- SOURCE DATA:

# # #

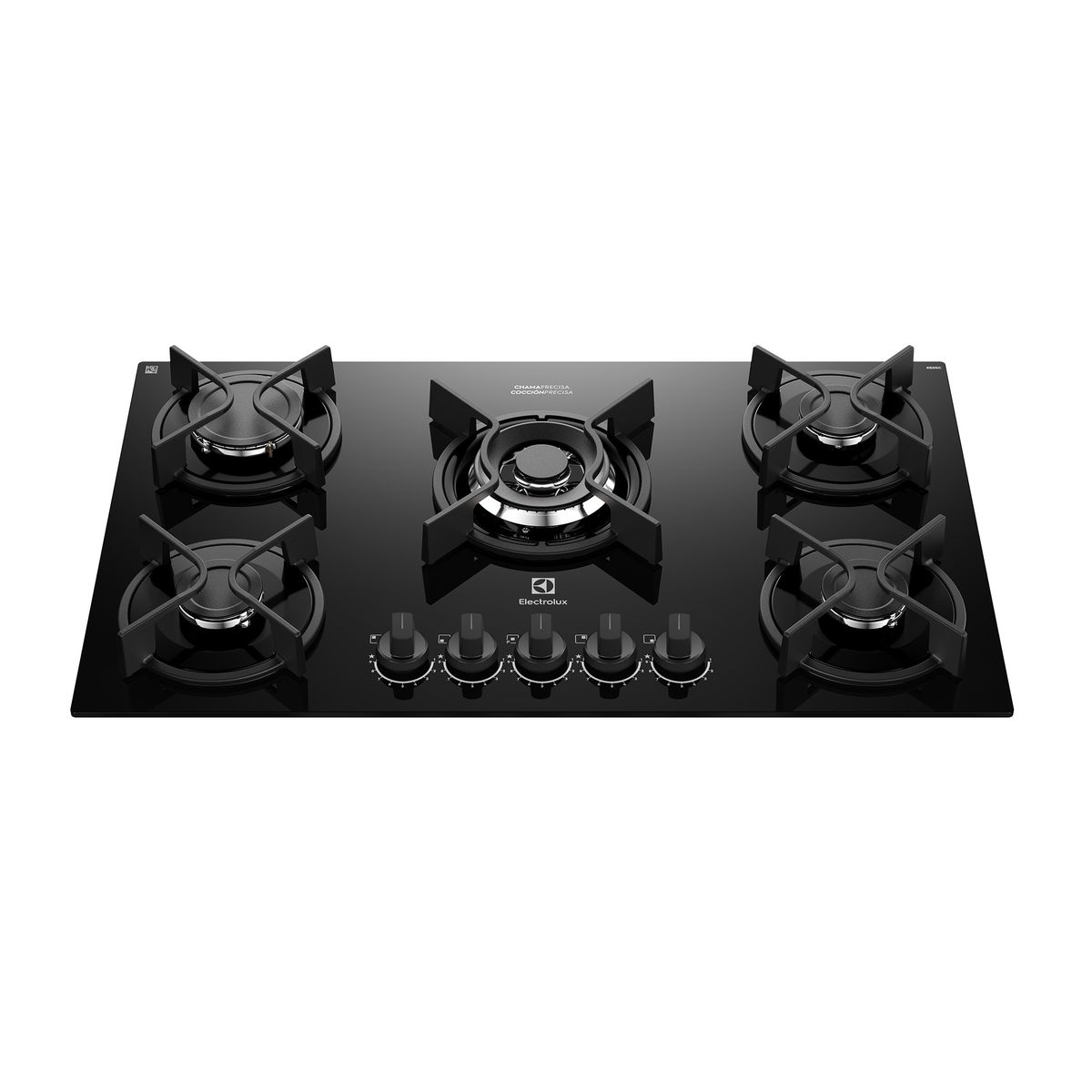 ELECTROLUX - Encimera a Gas 5 Platos Experience Multi Llama KE5GC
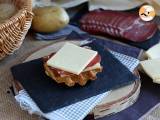 Broodje aardappelwafel met raclette, het ultieme comfortvoedsel - Voorbereiding stap 7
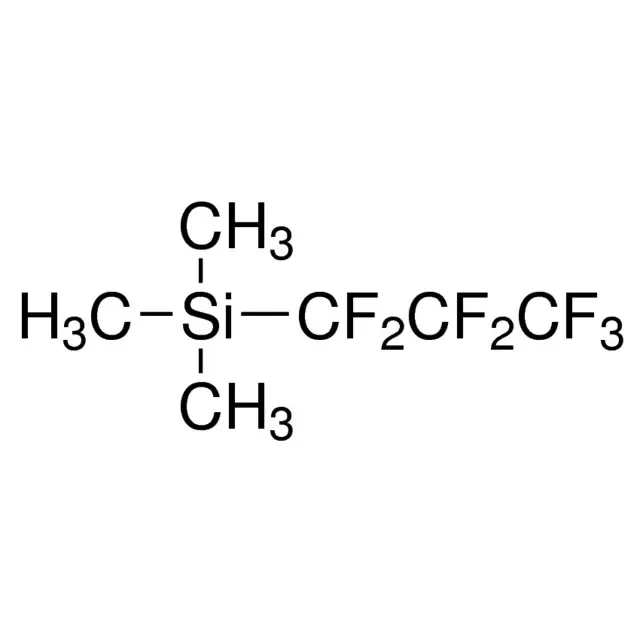 (Heptafluoropropyl)trimethylsilane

# # #

- EXERCISE DESCRIPTION: Write the lines above out again exactly, excluding every picture.

- WRITTEN RESPONSE:
 ELECTROLUX - Encimera a Gas 5 Platos Experience Multi Llama KE5GC
 Broodje aardappelwafel met raclette, het ultieme comfortvoedsel - Voorbereiding stap 7
 (Heptafluoropropyl)trimethylsilane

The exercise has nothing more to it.